Forget October; agility now required (USD)
Two weeks ago, Dallas Federal Reserve President Robert Kaplan said, “the central bank should begin to taper its monthly purchases of Treasury bonds in October”. On Friday, he backed off from that conviction. Now, Mr Kaplan would rather be “agile, open-minded, avoid being rigid”. His change of mind took the shine off the US dollar (USD).
For long enough, investors have been led to believe that tapering of the Fed’s QE programme (USD) will begin before the end of the year, carry on through 2022 and lead to higher interest rates in 2023. Robert Kaplan played an important part in the management of that expectation. On Friday, he hedged his bet, saying “I’ve got to take [Covid-19] into account, and will adjust my views accordingly”.

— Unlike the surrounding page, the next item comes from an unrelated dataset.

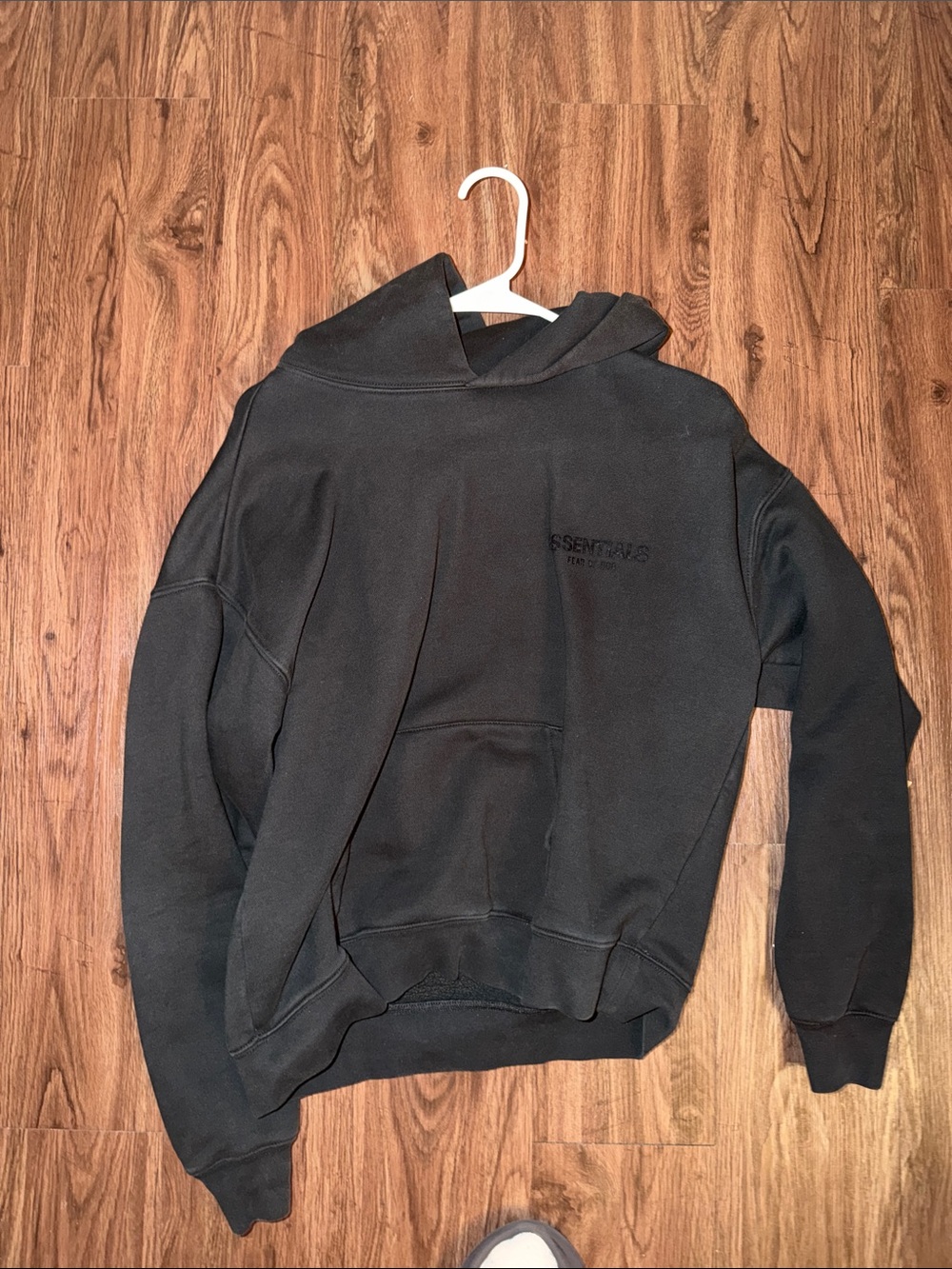 Essentials Black Hooded Pullover with Subtle Logo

Although Mr Kaplan thinks “we’d be a lot healthier to start weaning off these purchases as soon as we’re able to”, his new-found hesitancy gave investors the chance to imagine that the free money tap might remain open for longer than they had previously thought. The safe-haven JPY was the biggest loser, down by an average of 0.3%, and the CHF and USD were only millimetres ahead. The Canadian dollar (CAD) was the clear leader with an average gain of 0.5%.
Retail sales (GBP and CAD)
At first glance the retail sales data from Britain (GBP) and Canada (CAD) showed the Loonie in a better light. GB monthly sales were down by 2.5% while in Canada they rose 4.2%. At second glance, the results from Britain looked even less impressive.

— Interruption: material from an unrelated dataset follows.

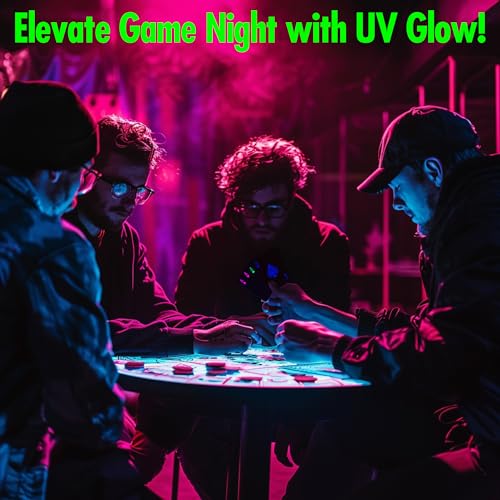 Funwares UV Glow in The Dark, Black Light, Playing Cards by Island Dogs - Durable, Easy-to-Clean, Fluorescent Neon Deck for Parties, Game Nights, Collectors, and Magic Tricks!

Data from Britain showed retail sales declining 2.5% in July after a paltry rise of 0.2% in June. In Canada (CAD) the report concerned June’s results, and the 4.2% rise shone brightly alongside Britain's (GBP) 0.2% increase for that month. Interestingly, neither set of data had an immediate impact on the GBP/CAD relationship. Sterling did eventually lose a cent to the Loonie but it owed more to Robert Kaplan’s policy wobble (USD) than to the economic data.
That was also true of some of the day’s other ecostats. Although Norwegian gross domestic product grew by less than half as much as expected in Q2, the NOK took second place, closely behind the CAD.

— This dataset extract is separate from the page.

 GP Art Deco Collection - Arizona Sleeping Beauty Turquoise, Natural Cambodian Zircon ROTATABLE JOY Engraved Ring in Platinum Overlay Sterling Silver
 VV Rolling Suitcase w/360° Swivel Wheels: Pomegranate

Today’s theme is the provisional purchasing managers’ indices from Markit. The numbers are likely to be swerved, nationally and locally, by the ebb and flow of Covid lockdowns. Early figures from Australia and Japan tended to support that expectation.
The Australian readings (AUD) showed output contracting at a faster rate in August, with the composite index almost three points lower on the month at 43.5. “Lockdowns across various Australian states in August continued to dampen demand and output”. Investors were not surprised, and the AUD actually firmed after the announcement. The story from Japan (JPY) was very similar, with the composite index three points lower at 45.9. Covid restrictions and supply chain pressures took the blame.
The readings from Europe and America are all expected to come in comfortably above 50, though most are likely to be lower on the month. There are also data today for US existing home sales, Eurozone consumer confidence and, tonight, second quarter New Zealand retail sales (NZD).